**TASK:** Go through the records and copy each line where the word "Cover" occurs.

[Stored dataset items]
────

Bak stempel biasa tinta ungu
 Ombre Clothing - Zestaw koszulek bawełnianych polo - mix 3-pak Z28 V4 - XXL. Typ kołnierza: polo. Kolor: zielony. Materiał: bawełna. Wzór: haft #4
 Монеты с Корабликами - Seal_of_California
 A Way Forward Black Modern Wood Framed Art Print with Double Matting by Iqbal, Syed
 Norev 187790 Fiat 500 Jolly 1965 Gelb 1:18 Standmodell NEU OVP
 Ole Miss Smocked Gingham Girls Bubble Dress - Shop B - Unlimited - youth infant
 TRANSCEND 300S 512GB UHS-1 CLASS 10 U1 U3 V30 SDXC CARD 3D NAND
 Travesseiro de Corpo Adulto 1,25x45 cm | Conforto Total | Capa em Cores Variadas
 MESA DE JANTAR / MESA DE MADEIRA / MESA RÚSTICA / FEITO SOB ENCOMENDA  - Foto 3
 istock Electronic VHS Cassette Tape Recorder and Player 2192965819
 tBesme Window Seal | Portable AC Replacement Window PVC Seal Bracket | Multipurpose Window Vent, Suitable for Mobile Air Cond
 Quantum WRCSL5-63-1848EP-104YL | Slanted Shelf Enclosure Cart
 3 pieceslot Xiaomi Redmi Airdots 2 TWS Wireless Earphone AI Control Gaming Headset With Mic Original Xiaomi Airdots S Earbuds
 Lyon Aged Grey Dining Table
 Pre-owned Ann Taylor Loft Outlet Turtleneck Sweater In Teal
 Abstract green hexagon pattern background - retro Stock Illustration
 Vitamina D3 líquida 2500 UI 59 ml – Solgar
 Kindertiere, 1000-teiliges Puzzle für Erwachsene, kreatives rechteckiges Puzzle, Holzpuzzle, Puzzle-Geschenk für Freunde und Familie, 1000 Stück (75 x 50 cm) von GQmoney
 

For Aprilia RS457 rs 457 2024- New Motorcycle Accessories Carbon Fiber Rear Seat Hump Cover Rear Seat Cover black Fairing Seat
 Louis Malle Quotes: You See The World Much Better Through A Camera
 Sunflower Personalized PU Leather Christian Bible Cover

────

**EXERCISE RESULT:**
For Aprilia RS457 rs 457 2024- New Motorcycle Accessories Carbon Fiber Rear Seat Hump Cover Rear Seat Cover black Fairing Seat
 Sunflower Personalized PU Leather Christian Bible Cover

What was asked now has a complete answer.